So much transfer of knowledge and insights between those two worlds that I don't think should be so separate, but are treated as one. But the first and foremost is probably this idea that fatherhood, like leadership, is not a role. It's a relationship. I think that's probably the core and the thread of this whole conversation that we'll have today.
But it's been an obsession of mine, this intersection of these two worlds that I occupy. Anita, I know that you occupy the same two worlds as well, and I'm curious if you have any intersecting insights between those two.
But I'll start with the father introduction, because that's pretty different from how I normally do it.

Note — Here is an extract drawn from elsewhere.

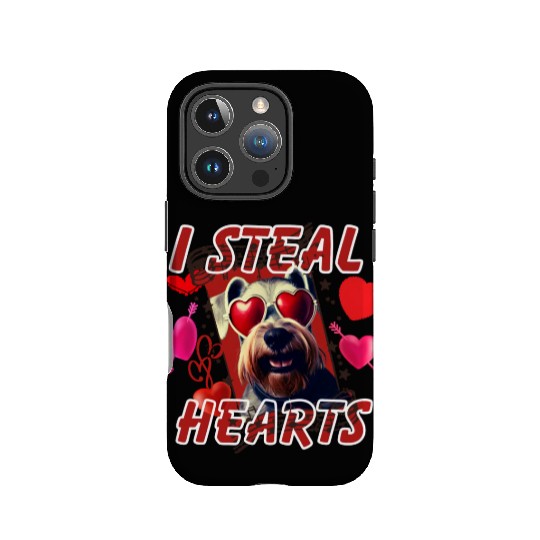 Happy valentine day,I steal hearts puppy lover IPhone Cases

That's awesome. If you ever get a chance. There's a book by this poet who's one of my favorite poets, name’s David Whyte, and he wrote a book called The Three Marriages, and it talks about this idea of work-life balance being a fallacy – the idea of it being a balance. Rather, it’s a marriage to three things: vocation and all this… anyway, I think you’d love it. It's very connected to that same premise.
I think it's this idea that neither is a role. Neither is a position. Both are a series of actions, a series of choices and relationships to enter into with different stakeholders, whether that be your kids or your C-suite or board. I think the minute you reframe that way, it shifts how you engage. It's suddenly not about telling people how to do things or selling anything, but it's mobilizing them collectively from a very human place.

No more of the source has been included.